К тюремной пище, называемой сечкой, заключенные испытывают неприязнь. Воры и блатные ее вообще не едят. Посещение зоновской столовой рассматривается как нарушение табу: блатной не должен принимать навязываемые ему тюремные законы и нормы, отказ от тюремной пищи носит символический характер, является знаком активного изгойничества и независимости. В связи с этим особую роль на зонах играет собственно зэковская еда, приготовленная самими заключенными. Вкушение ее является знаком принадлежности к тюремно-воровскому миру.
Из числа традиционных зэковских блюд особую популярность имеет чифир, в женских камерах называемый просто чифом. Как готовится чиф? "Наш легендарный чиф. На трехлитровую банку 12 надо упаковок этого чая. Чтобы эликсир," -- поясняют заключенные (ЖК). Но женщины в основном пьют купчик: "Она выглядит как заварка, крутая такая заварка. Это два коробка на пол-литровую банку, а коробок на майонезную баночку. Ну, это купчик" (ЖК).

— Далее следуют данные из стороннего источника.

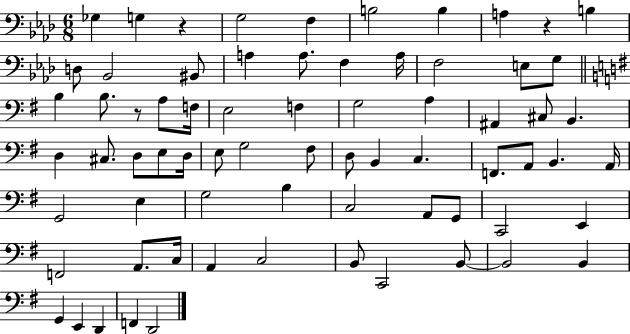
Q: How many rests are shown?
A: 3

Чифирят в тюрьмах каждый день. Зоновскую привычку сидеть на корточках заключенные связывают с ритуалом чаепития, поскольку чифир пьется не за столом, а где придется, и банка с напитком стоит на земле. Вокруг чифирбака объединяется арестантская семья: "Ведь одна в КПЗ есть отрада -- / Чифирнуть да базар погонять", -- пишет в тюремном стихотворении вор-рецидивист (СР). Чай и сигареты (куреха) в тюрьмах называют святым. Мысль о том, что все тюремные блага, в первую очередь – чай и сигареты, в равной мере принадлежат всем арестантам, выражается в круговом чаепитии, совместном курении, запрете благодарить за эти предметы – это общак, принадлежащий всей арестантской семье.
Одежда
В тюрьме и на зоне вообще высока символическая роль одежды: отклонения от установленного образца -- знак особого положения зэка. Воры в законе имеют право носить особую одежду: в прежние времена они подбивали сапоги звенящими подковами, ушивали форму, шапки носили набекрень, вставляли фиксы и проч. В настоящее время воры и блатные отличаются от остальных заключенных более богатой и нарядной одеждой, в тюрьме они имеют возможность одеваться так же, как на свободе. В женских колониях одежда и прическа маркированы у лесбиянок (кобелов) -- они носят брюки, в том числе под юбку, коротко пострижены "под мальчика". Внешне их почти невозможно отличить от мужчин. Лесбиянок отличает также и соответствующее поведение: они ухаживают за женщинами, говорят хрипло, стараются не носить необходимые в женских ИТУ платки.
Одежда играет важную роль в тюремных песнях: по одежде отличают своих (блатных) от чужих (фраеров, мусоров и сук). В старых советских блатных песнях чекисты и ссученные, т. е. люди, принадлежащие враждебному зэкам лагерю, характеризовались как "люди в кожанках". Для своего мира характерна пестрота одежды: жиганки и шмары отличаются роскошью туалетов: "Зачем тебе я желтые ботинки, шелка и крепдешины покупал?" (ДК); "Кольца и браслеты, юбки и жакеты разве я тебе не покупал?" (ДК); "Или тебе было худо между нами, / Мало было форсу, барахла?" (ДК) -- спрашивают ссученную жиганку урки. Смена одежды символизирует смену образа жизни, имеет высокую степень знаковости. Потеря воли изображается как переодевание: "И вот меня побрили, костюмчик унесли, / На мне теперь тюремная одежда" [ПН: 124]. Однако фраера, бобры и их подруги также часто носят богатую одежду: "А на ней была шубка беличья, / А на нем воротник из бобра", -- поется в популярной песне "Кирпичики" (СЖ, 21). Отличие в том, что блатные подчеркивают свое презрение к одежде, что фиксирует и жаргон "Вы присядьте-ка на кирпичики / И снимайте свое барахло" (СЖ, 21); для фраеров одежда, деньги, золото обладают безусловной ценностью.